Last night's episode of Alias could have been perfect. Sydney disguised herself as a Peace Corps volunteer and transformed her appearance by wearing glasses. See, normally she doesn't wear glasses. But this was a disguise. And she put her hair up, so people were thinking "there's no way that's a CIA agent. She has her hair up and wears glasses."
But, alas, the episode did not achieve perfection. I was very disappointed in the writers, producers, actors, grips and caterers for the show last night. They set the episode in Monteafrican-american. But they didn't use the politically correct term. Instead, the archaic and horribly politically incorrect term was used. When the name of the country flashed upon the screen, it said, "Montenegro". I gasped, threw my veggie chicken nuggets with Heinz Ketchup against the wall, and fought back my tears of anger.
I decided that I had to take action. After I watched the rest of the episode and stayed tuned for scenes from next week's Alias (it looks great!), I pulled out my Powerpuff Girls stationary and dashed off a letter to ABC (Always Broadcast Caucasians). While I was at it, I decided to write the NAACP too.
See, I've always been angry with the NAACP because they use the term "Colored People" instead of the more correct, "Persons of Color". I know the organization has a long history. They have worked for equality since, like, 1980 or something. But, would it be so hard to change the name of the organization to NAAPC"? Are they concerned about the cost of buying new letterhead stationary? I will let them use my Powerpuff Girls stationary while they make the transition. It's no big deal.
On the way to work, I asked my African-American/Native-American housemate, The Math Whiz, what he thought about the situation. First he asked me to stop referring to him as "Nubian", and then he tried to answer my questions.
"Hey Math Whiz," I said, "since you are Nubian - I mean African-American and Native-American, could you tell me what you people want us to call you?"
He replied, "what do you mean 'you people', Hot Toddy's Toaster Oven?"
Exasperated with his kind of people, I replied with patient exasperation, "I mean you people who are not like the rest of us. You different people."
He still seemed to have difficulty understanding my very intelligent questions, and I thought about giving up on him and all his kind of people, but I persevered.
"Let me see if I can clarify this for you. The normal people run everything in this country, and I'm just wondering if you different people are irritated when racist networks set their television shows in racist countries like Monteafrican-american. And does the NAACP piss you off as much as it pisses off us normal people?"
He asked me to let him out of the car so he could walk the rest of the way to work, but I refused to stop. "You will get picked up by the police if they see you walking along the side of the road. They will assume you are a hobo. I can't allow that to happen. Trust me, I know all about the way we normal people think."

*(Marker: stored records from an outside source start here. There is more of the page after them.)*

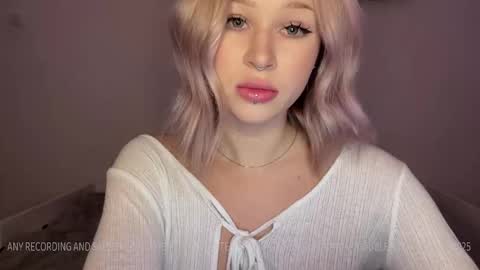 MOLLYYYY dont forget to give me a thumb up online show from January 13, 11:30 am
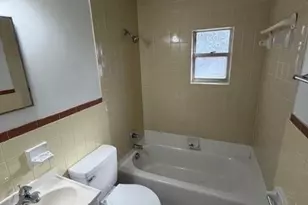 6402 Spring Hill Dr, Fayetteville, NC 28311 - Photo 5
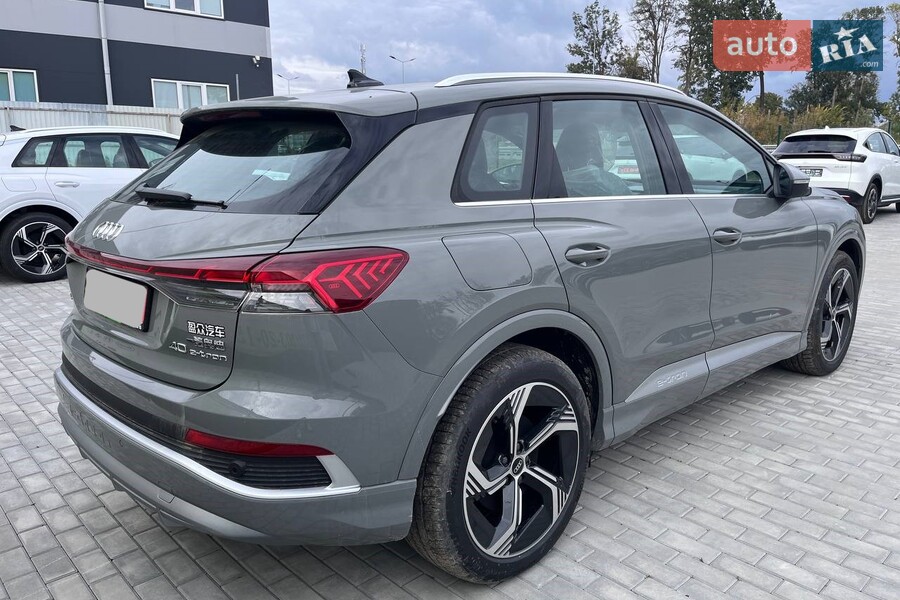 Audi Q4 e-tron - фото 6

I was starting to get upset with The Math Whiz, and I felt short of breath. I could barely drive, because my throat was closing up, and my eyes were filling with tears. When The Math Whiz took his hands from around my throat, I coughed up some blood and asked, "Don't you see that I'm trying to help? I'm an advocate for all the people who are different. I'm like Harriet Tubman. I want to take you north to freedom."

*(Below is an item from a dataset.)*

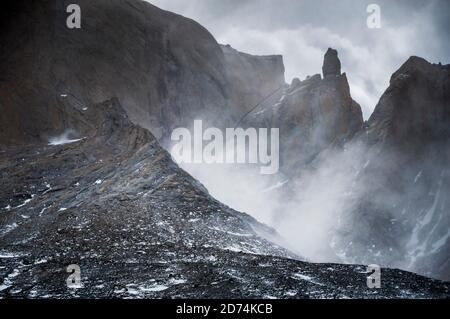 Berge im Torres del Paine Nationalpark, von starken Winden geschlagen, Patagonien, Chile Stockfoto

"Is that why we're headed to Seattle instead of my job in Downtown Portland?" he asked. I have always admired his people's sense of humor. It is because of all the injustice experienced by his kind. It has built their character, and they are much wittier than normal people. They are also better dancers and are mostly lactose intolerant, because they are so different from most of us.
See, Martin Luther, who fought for both Lutheran rights and civil rights, wasn't the only one with a dream. I have a dream too. The other night it was a dream that all my cute straight male friends came over to my house for an orgy, but I am talking about a different dream right now. I have a dream that someday even the people who are not like me will magically become more like me. If only they could sound and look more like me, I know things could be better for them.

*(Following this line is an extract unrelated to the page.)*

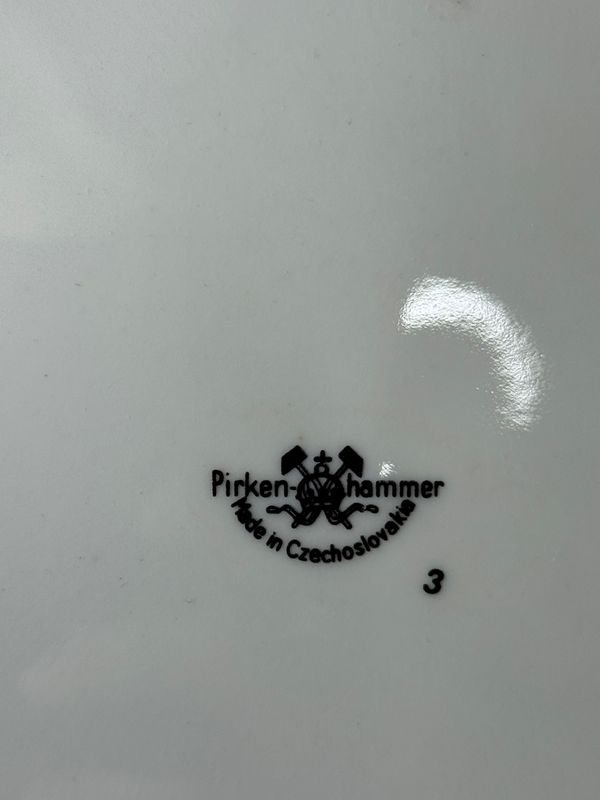 Platos de porcelana alemana, checoslovaca y inglesa para niño - imagen 7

That is why I work so hard for equal rights. Even for people that are so different from me. They do not have a voice in this country, and even the ones with a voice don't use the proper dialect to be understood.
I could go on and on. The reason I could go on and on is that I sometimes don't know when to shut up. The other reason I could go on and on is that I have a lot of passion about this subject, which is unusual for my people, because we don't have a history of hardship like the people who are different. Hardship makes those people more passionate. Or maybe it is calcium deprivation from the lactose intolerance. Either way, they're more passionate than my people.
Unfortnately, I can't continue my tirade right now, because I'm off to write more letters. First I'm going to write to the country of Nigeria, for obvious reasons. I just hope the Nubian Queen of that Country will listen to my plea for justice.